Kim Kinney doesn’t believe in throwing away gear. In fact, she’s made a career out of sewing, repairing, altering and tailoring gear to extend its lifespan.
Broken zipper? You can save it. Torn crotch on your waterproof pants? It can be patched up.
After dropping out of college to ski, Kinney was trained in the art of tailoring while working at the Little Cottonwood Tailor Shop at Snowbird, Utah.
Now, 20 years later, her Bend, Oregon-based gear-repair shop, Rugged Thread, is a hub for savvy outdoorsmen and women snubbing fast fashion in favor of a more sustainable relationship with their favorite boots, sleeping bags, backpacks and more.

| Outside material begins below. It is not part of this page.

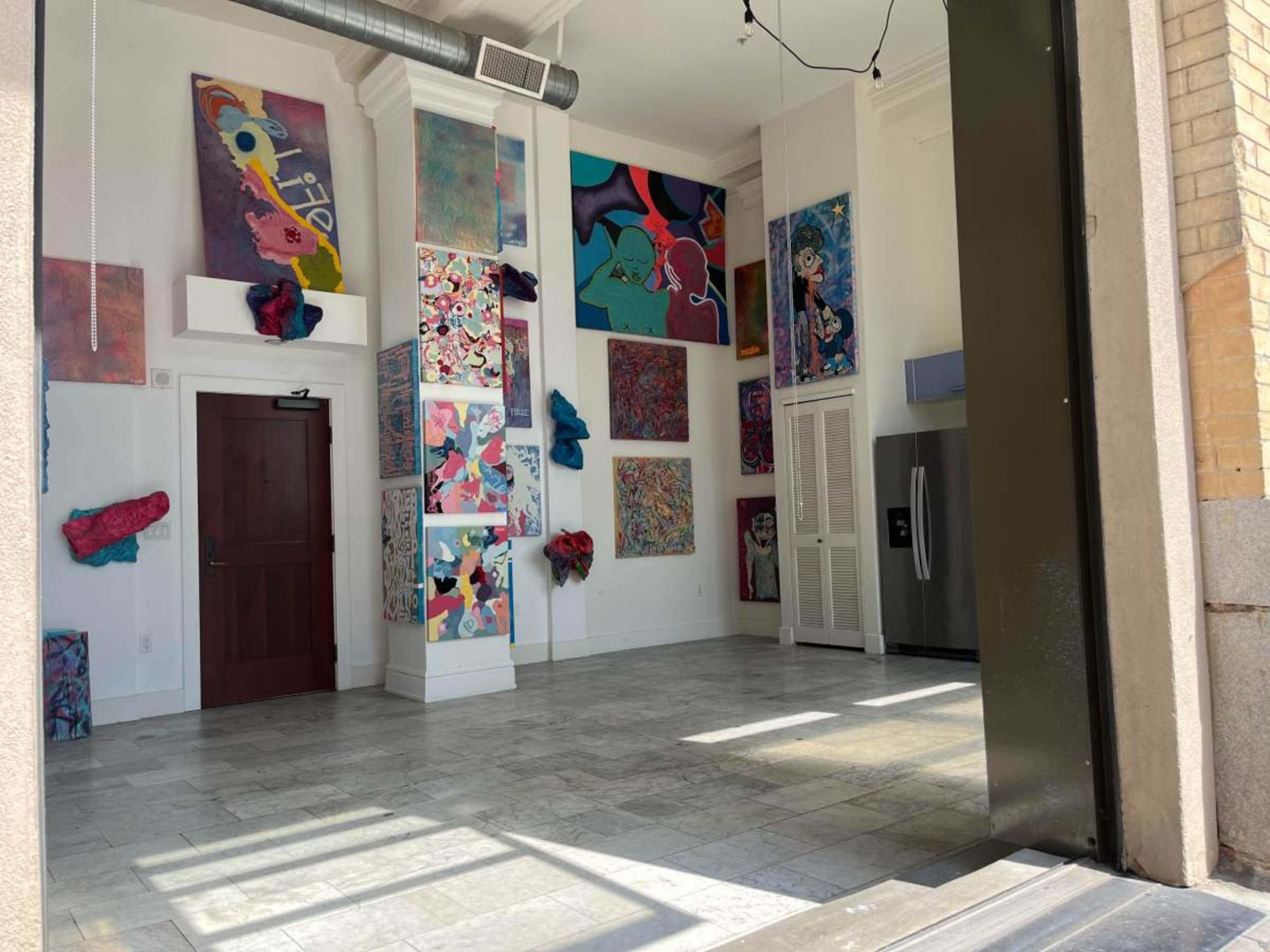 The image shows an empty room with colorful abstract artwork displayed on the walls and a refrigerator in the corner.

“A lot of people get attached to their gear because they’ve been to a lot of places and have great memories together,” Kinney says. But the reasons for caring for and repairing gear go beyond nostalgia.

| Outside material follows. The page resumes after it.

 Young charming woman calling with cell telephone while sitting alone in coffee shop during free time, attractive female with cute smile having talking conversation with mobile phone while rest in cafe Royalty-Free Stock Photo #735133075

“Buying and selling used clothing and gear fills the gap at a fraction of the cost of buying new,” says Kinney. “And people don’t think about the lifecycle of donating broken items to charity.

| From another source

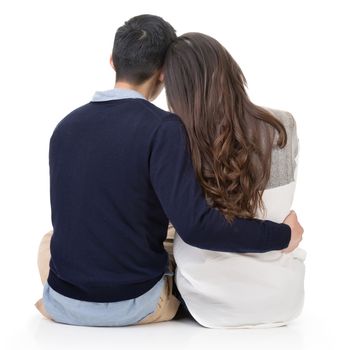 Young couple sitting on ground and hugging, full length portrait isolated on white background.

“Donated items in good working order have a greater chance of being used.”
With the winter season upon us, Kinney says a little TLC can go a long way toward extending the life of your gear for another season or more. Here, her best tips for keeping your cold-weather gear functional so it can avoid a one-way trip to the trash.
Give your gear a checkup before the snow hits
Unpack your winter gear and give it a once-over now, before you’re too deep into the season.
Replace Velcro and shock cord, and patch up torn jackets and pants with a needle and thread or Tenacious Tape, a high-quality fabric tape that doesn’t get sticky and lasts through multiple washings.
“Never use duct tape, because it leaves a sticky mess over time,” says Kinney.
Reapply durable water repellent (DWR) to waterproof jackets and pants
“Waterproof, breathable fabrics perform well because of the exterior durable water repellant (DWR) coating and the inner waterproof membrane, like GORE-TEX®, eVent™, NeoShell® [and] H2No®,” explains Kinney.
The DWR coating is a wax-type treatment that reactivates with heat in your dryer. Eventually, the coating breaks down and needs to be reapplied.
Check with your garment’s manufacturer to see if you need to use spray-on or wash-in products. Kinney recommends aftermarket products like Granger’s, Nikwax, McNett or Penguin.
Wash your outerwear
Outerwear is designed to be rugged and go a long time without a washing, but dirty outerwear doesn’t just smell; it functions poorly.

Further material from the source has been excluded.